I SPENT the morning in Burns country.
That’s Robert, not Monty, which means I was exploring a quiet corner of Ayrshire in Scotland rather than a nuclear plant in Springfield.
Robert Burns, who was born in 1759 in the hamlet of Alloway just 3km from Ayr, is not only considered to be Scotland’s favourite son but the country’s national poet.
He penned his first poem after the harvest in 1774, about a woman called Nelly Kilpatrick who helped the aspiring farmer in the fields, and during the next couple of decades he went on to pen dozens of verses.
While his most famous works include Auld Lang Syne, To A Mouse, Tam o’Shanter and A Red, Red Rose he was often inspired to write about the things he saw around him in Ayrshire.
Visitors can see the places that inspired Mr Burns by visiting Alloway where the cottage he was born in has been protected, a monument was constructed in his honour, and a museum was built to house some of his treasures.
The Robert Burns Birthplace Museum is brand new – it was officially opened only last week – with the building set close to the brig (that’s a bridge) and the kirk (that’s a church) that feature in Tam o’Shanter.

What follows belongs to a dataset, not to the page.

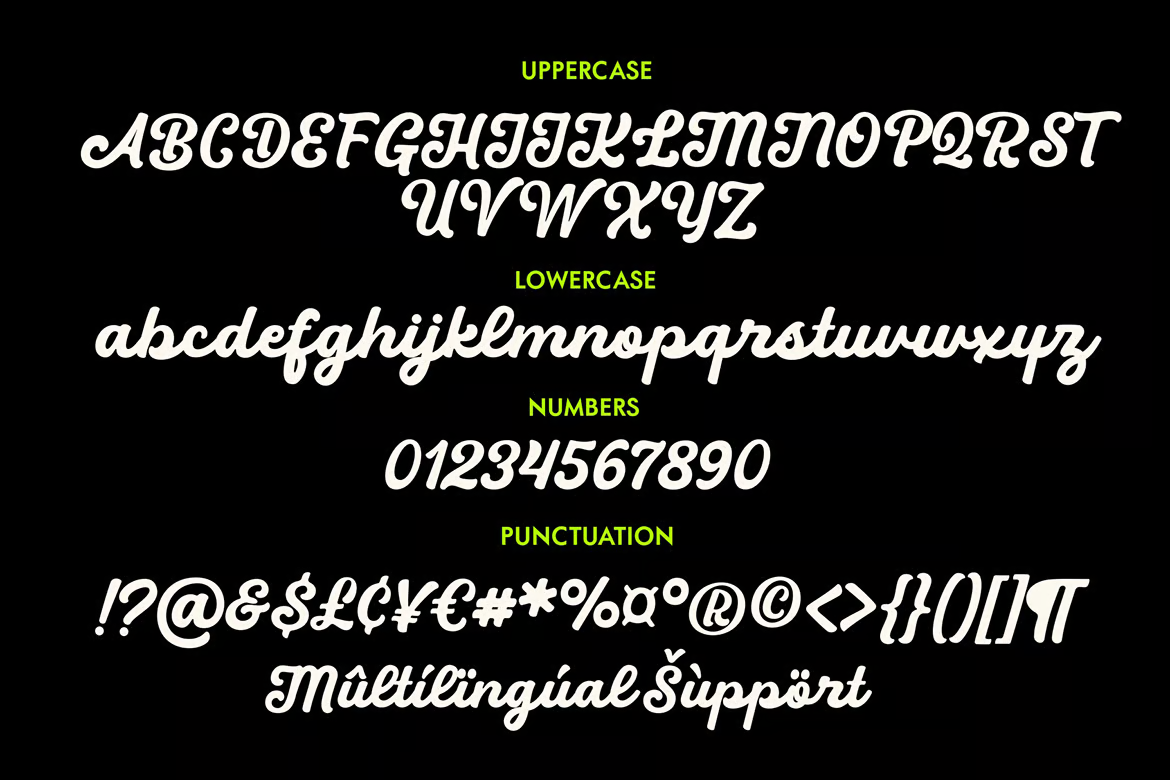 图片[2]-Black – 圆形脚本字体-光子波动网 | 专业WordPress修复服务，全球范围，快速响应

I visited Alloway with Scottish Blue Badge Guide Kenny Hanley who explained why the man became an icon as we looked through the cottage he shared with his parents and three younger siblings for the first years of his life.
“His appeal was that he could touch the ordinary people but he could also reach the intelligentsia,” Ken says.
“He had the gift that he could take an average conversation or situation and write about it, his reputation grew by word of mouth, and when he published his first book the reaction was so incredible it had to be reprinted almost immediately.”